Abay, bu tembihlerine özellikle dikkat etmesi için Erbol’u da Jiyrenşe ile birlikte gönderdi.

Mamayların içine gönderdiği dostları Abay’ı çok fazla sıkıntıda bırakmadı, sarartıp soldurmadı. Üç gün sonra çabucak geri geldiler…

Jiyrenşe Aygerim’le alıştıra alıştıra konuşmuştu. Kızın güzelliğini o da beğenmişti. Özellikle aklı ve mizacı çok memnun bırakmıştı… Abay bir hususu daha yeni öğreniyordu: Aygerim’i sözlendirdikleri kişi Mamay boyundan biri imiş. Fakat ondan daha önce söz kesilen kişi genç yaşta ölmüş, bunun üzerine kızı kayın ağabeyine uygun görmüşler. O ise yaşı ilerlemiş biriymiş ve daha önce genç kızken aldığı bir hanımı varmış. Önceden başlığı verilmiş ve dul kalmış sayıldığı için o kayın ağabeyi Aygerim’e serbestlik tanımamış ve “kendim alacağım” demiş. Buna göre Bekey’in kızı manevi olarak başı bağlı sayılırmış. Hatta kızın yakınları bir defasında hısımlarından Aygerim için serbestlik de istemiş. Ama kayın ağabeyi buna rıza göstermemiş. “Azatlık vermiyorum. Allah’ın verdiği dulumu kendim alacağım” demiş. Fakat böyle diyerek kızın bahtını bağlasa da kalabalık sürüsünün ihtiyaçlarını karşılayamayan, yengeleriyle anlaşarak kızla görüşmeye gelemeyen, kendi hanımını da ezip geçemeyen, dediğini yapamadan yaşayan biriymiş.

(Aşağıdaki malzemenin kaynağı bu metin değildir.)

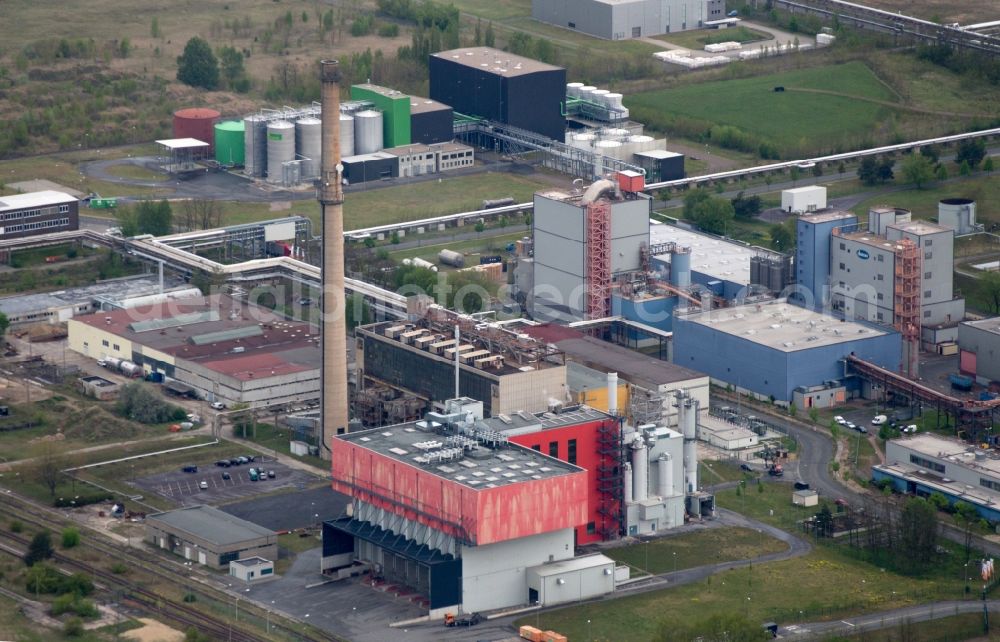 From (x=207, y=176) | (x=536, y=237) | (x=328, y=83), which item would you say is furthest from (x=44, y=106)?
(x=328, y=83)

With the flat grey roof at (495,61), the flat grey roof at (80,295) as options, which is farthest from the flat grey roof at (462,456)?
the flat grey roof at (495,61)

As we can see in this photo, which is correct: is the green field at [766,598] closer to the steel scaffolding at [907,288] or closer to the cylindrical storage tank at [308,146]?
the steel scaffolding at [907,288]

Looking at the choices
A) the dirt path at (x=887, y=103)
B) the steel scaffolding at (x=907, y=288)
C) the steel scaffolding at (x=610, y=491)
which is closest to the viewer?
the steel scaffolding at (x=610, y=491)

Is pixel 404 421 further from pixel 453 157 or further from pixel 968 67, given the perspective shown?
pixel 968 67

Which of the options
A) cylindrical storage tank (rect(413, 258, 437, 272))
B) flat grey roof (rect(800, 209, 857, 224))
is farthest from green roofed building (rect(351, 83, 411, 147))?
flat grey roof (rect(800, 209, 857, 224))

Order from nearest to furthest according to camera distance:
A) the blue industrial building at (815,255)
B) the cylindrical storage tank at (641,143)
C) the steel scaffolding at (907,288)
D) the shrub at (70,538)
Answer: the shrub at (70,538), the steel scaffolding at (907,288), the blue industrial building at (815,255), the cylindrical storage tank at (641,143)

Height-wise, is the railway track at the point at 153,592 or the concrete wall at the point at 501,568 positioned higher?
the concrete wall at the point at 501,568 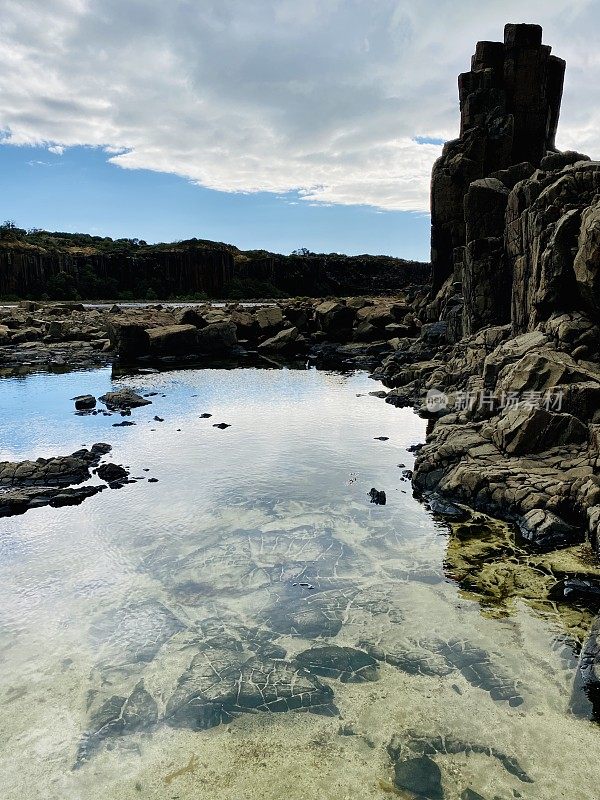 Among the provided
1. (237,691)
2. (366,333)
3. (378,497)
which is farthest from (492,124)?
(237,691)

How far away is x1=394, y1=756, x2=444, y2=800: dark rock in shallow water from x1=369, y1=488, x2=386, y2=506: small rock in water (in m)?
8.38

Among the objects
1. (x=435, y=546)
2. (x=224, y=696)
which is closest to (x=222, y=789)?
(x=224, y=696)

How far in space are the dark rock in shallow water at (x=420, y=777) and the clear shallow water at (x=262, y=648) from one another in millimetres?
133

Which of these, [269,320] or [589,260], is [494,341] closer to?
[589,260]

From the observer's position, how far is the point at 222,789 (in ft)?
22.8

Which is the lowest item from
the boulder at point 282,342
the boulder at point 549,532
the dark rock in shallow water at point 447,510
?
the dark rock in shallow water at point 447,510

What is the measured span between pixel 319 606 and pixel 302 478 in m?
6.98

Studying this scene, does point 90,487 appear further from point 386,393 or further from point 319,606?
point 386,393

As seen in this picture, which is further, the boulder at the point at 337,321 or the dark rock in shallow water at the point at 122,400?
the boulder at the point at 337,321

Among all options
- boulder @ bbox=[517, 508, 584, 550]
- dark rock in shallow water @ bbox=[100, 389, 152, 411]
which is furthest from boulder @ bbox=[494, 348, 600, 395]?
dark rock in shallow water @ bbox=[100, 389, 152, 411]

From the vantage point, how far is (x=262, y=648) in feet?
31.5

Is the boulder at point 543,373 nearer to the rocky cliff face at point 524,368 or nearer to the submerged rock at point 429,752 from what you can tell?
the rocky cliff face at point 524,368

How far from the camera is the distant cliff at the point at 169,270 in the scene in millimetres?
116375

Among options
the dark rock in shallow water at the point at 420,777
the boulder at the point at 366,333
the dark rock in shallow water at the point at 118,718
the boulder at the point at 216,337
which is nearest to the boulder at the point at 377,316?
the boulder at the point at 366,333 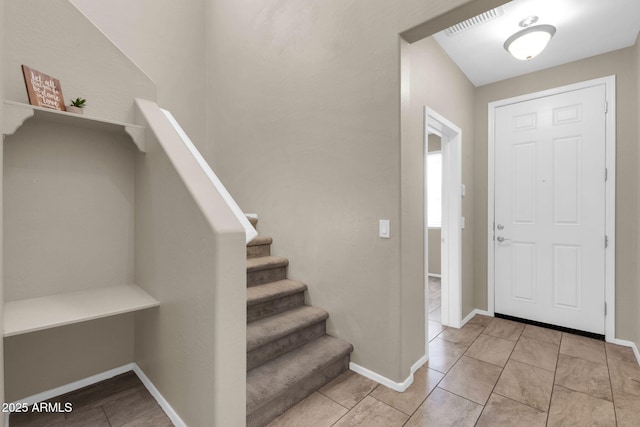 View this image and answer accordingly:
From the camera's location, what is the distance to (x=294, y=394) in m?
1.82

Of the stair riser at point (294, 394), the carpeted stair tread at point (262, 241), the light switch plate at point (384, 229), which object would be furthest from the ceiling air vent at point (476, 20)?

Jiyrenşe Bekey ve Şekey ile enikonu görüşüp bu hususların tamamıyla ilgili olarak kanaat sahibi olmuş, Aygerim’in duygu ve düşüncelerini de kendi ağzından işitmiş. Aygerim, serbestlik verilirse bir kocaya varacak değilmiş… Fakat Abay’ın da daha hâlâ önünde duran ve çözüm bekleyen pek çok ağır düğümleri vardı. Eşi dostu, annesi akrabaları henüz onun bu niyetini bilmiyordu. Alşınbay kızı Dilda vardı. O ne yapardı? Belli değil. Bu hususları kendisi içten içe sağlamca dikkate alan Jiyrenşe, Bekey ve Aygerim’le konuşurken şimdilik büyük bir gizlilik içinde olmaları gerektiğini hissettirmişti. Dişlerini sıkıp kimseye duyurmadan gizleyerek beklemelerini tavsiye etmişti.